(Information given)

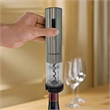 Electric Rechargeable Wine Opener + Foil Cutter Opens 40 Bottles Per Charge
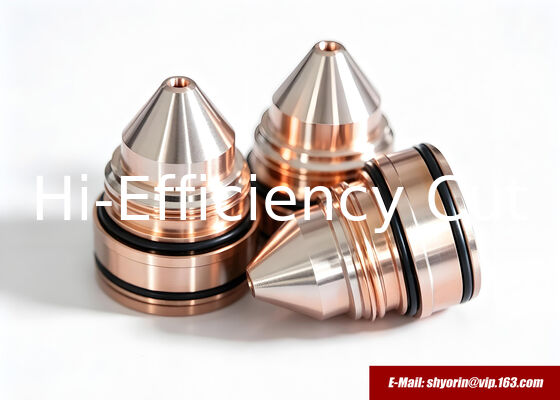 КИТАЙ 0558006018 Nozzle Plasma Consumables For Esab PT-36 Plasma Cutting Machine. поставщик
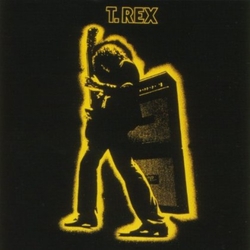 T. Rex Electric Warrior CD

(End Information given)
(Information given)

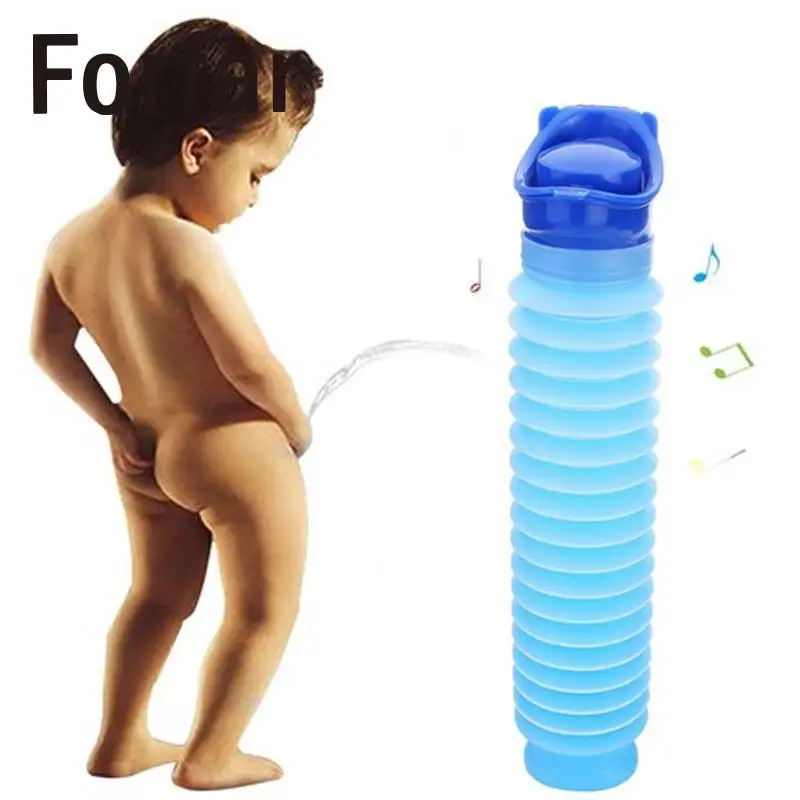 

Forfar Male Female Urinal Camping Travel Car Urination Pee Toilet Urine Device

(End Information given)

Work request | After locating the line containing "Electric Rechargeable Wine" in the entries above, return it and every line after it exactly, ending at the line containing "T. Rex Electric Warrior CD", without pictures.

Answer for the task |
 Electric Rechargeable Wine Opener + Foil Cutter Opens 40 Bottles Per Charge
 КИТАЙ 0558006018 Nozzle Plasma Consumables For Esab PT-36 Plasma Cutting Machine. поставщик
 T. Rex Electric Warrior CD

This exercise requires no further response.